Everything from the first line of the material below through the line containing "nike pegasus trail Image 3" is to be printed exactly, and nothing more.

----------

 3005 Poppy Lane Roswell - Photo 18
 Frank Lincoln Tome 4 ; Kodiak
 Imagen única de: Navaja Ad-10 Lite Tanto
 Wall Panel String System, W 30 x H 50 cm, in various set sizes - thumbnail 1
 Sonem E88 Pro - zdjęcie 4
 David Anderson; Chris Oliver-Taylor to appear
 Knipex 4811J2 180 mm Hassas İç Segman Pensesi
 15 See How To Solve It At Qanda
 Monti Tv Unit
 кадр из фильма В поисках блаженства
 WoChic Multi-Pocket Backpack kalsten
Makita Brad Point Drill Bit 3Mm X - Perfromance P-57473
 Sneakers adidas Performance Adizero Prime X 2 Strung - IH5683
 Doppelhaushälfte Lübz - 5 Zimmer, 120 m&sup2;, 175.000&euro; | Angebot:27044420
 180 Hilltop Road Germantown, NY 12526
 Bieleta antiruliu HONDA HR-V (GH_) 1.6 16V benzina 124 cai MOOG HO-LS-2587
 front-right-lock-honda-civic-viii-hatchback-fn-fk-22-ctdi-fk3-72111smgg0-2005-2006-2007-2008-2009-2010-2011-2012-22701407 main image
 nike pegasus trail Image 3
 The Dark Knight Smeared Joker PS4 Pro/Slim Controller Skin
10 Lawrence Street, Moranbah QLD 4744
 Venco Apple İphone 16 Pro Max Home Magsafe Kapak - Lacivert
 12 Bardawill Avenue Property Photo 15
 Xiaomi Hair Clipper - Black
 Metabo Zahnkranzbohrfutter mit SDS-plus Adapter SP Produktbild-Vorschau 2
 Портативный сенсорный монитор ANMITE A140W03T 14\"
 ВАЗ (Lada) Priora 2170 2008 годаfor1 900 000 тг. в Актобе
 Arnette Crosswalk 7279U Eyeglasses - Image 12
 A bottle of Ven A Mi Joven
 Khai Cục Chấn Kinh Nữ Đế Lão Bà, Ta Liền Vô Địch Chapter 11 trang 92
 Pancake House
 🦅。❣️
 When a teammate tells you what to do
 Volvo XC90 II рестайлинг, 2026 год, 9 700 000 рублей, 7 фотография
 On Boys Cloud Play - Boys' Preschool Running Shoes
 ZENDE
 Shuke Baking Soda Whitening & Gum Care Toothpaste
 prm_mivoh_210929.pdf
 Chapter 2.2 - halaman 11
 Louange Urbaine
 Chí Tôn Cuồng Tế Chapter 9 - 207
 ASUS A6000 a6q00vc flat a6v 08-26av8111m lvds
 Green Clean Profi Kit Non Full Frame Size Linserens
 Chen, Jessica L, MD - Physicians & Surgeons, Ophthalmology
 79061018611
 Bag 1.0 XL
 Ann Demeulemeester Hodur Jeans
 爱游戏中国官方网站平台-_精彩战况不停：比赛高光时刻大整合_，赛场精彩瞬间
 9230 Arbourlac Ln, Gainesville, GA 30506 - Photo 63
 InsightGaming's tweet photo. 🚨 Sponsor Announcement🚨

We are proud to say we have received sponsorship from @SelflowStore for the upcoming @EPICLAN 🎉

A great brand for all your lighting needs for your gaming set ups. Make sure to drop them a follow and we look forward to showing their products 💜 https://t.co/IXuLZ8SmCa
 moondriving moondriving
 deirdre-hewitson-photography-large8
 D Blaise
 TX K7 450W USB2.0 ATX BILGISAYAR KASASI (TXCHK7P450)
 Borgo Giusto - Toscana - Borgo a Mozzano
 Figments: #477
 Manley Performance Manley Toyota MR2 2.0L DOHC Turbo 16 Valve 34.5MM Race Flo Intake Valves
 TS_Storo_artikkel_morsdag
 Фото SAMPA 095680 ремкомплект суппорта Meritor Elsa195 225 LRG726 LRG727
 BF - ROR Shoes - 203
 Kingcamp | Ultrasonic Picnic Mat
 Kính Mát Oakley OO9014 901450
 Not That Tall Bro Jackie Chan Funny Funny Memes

----------

● **Finished exercise**
 3005 Poppy Lane Roswell - Photo 18
 Frank Lincoln Tome 4 ; Kodiak
 Imagen única de: Navaja Ad-10 Lite Tanto
 Wall Panel String System, W 30 x H 50 cm, in various set sizes - thumbnail 1
 Sonem E88 Pro - zdjęcie 4
 David Anderson; Chris Oliver-Taylor to appear
 Knipex 4811J2 180 mm Hassas İç Segman Pensesi
 15 See How To Solve It At Qanda
 Monti Tv Unit
 кадр из фильма В поисках блаженства
 WoChic Multi-Pocket Backpack kalsten
Makita Brad Point Drill Bit 3Mm X - Perfromance P-57473
 Sneakers adidas Performance Adizero Prime X 2 Strung - IH5683
 Doppelhaushälfte Lübz - 5 Zimmer, 120 m&sup2;, 175.000&euro; | Angebot:27044420
 180 Hilltop Road Germantown, NY 12526
 Bieleta antiruliu HONDA HR-V (GH_) 1.6 16V benzina 124 cai MOOG HO-LS-2587
 front-right-lock-honda-civic-viii-hatchback-fn-fk-22-ctdi-fk3-72111smgg0-2005-2006-2007-2008-2009-2010-2011-2012-22701407 main image
 nike pegasus trail Image 3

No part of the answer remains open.